───── Material provided

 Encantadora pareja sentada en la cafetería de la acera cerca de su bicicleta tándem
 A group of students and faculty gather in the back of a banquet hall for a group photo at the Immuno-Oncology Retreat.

──────────
───── Material provided

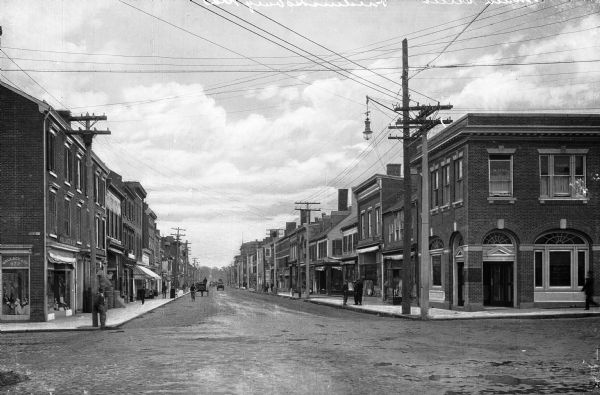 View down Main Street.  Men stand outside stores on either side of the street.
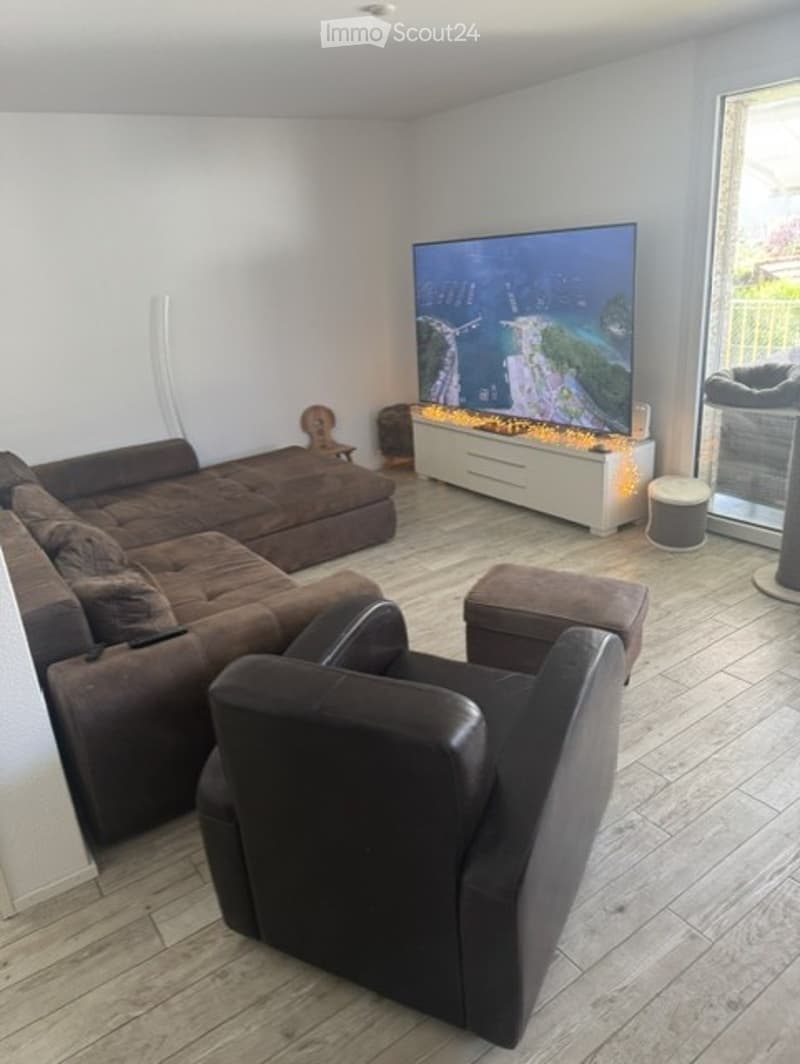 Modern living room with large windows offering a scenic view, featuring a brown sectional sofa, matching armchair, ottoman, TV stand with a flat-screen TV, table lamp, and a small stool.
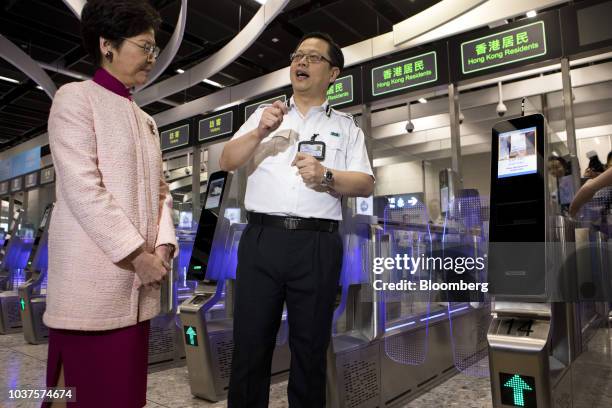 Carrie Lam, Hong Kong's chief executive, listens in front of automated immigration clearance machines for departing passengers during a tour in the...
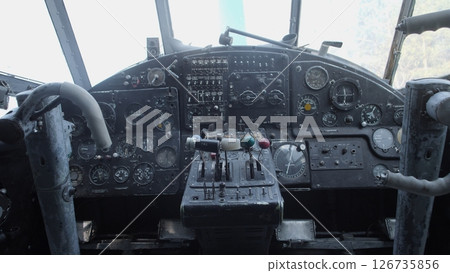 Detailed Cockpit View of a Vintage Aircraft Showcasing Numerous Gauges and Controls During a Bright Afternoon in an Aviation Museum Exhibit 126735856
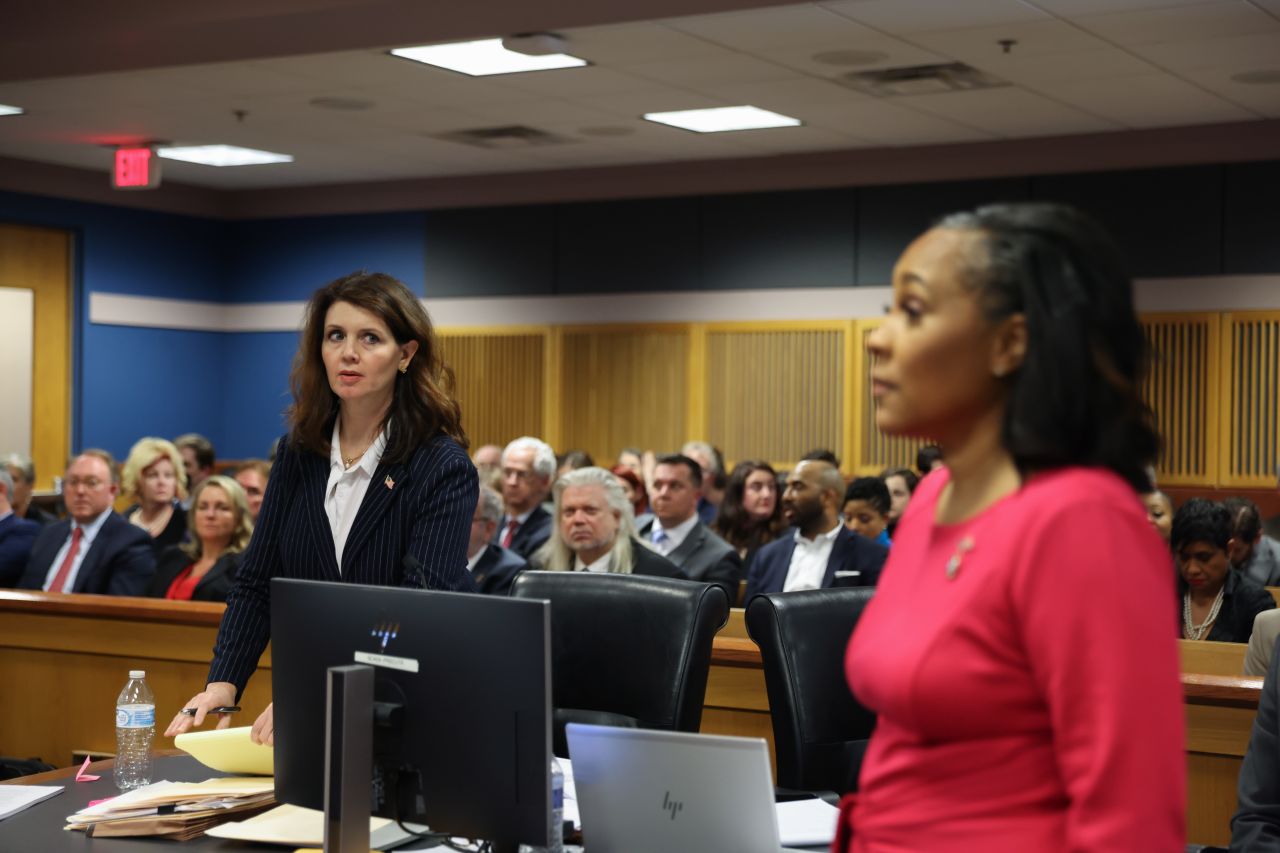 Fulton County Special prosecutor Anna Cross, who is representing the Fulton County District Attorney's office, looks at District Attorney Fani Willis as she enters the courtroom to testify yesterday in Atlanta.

──────────

Your goal: Write out word for word the lines of the listing above from the line with "Detailed Cockpit View" to the line with "Fulton County Special", taking in both of those lines but no pictures.

Written solution:
 Detailed Cockpit View of a Vintage Aircraft Showcasing Numerous Gauges and Controls During a Bright Afternoon in an Aviation Museum Exhibit 126735856
 Fulton County Special prosecutor Anna Cross, who is representing the Fulton County District Attorney's office, looks at District Attorney Fani Willis as she enters the courtroom to testify yesterday in Atlanta.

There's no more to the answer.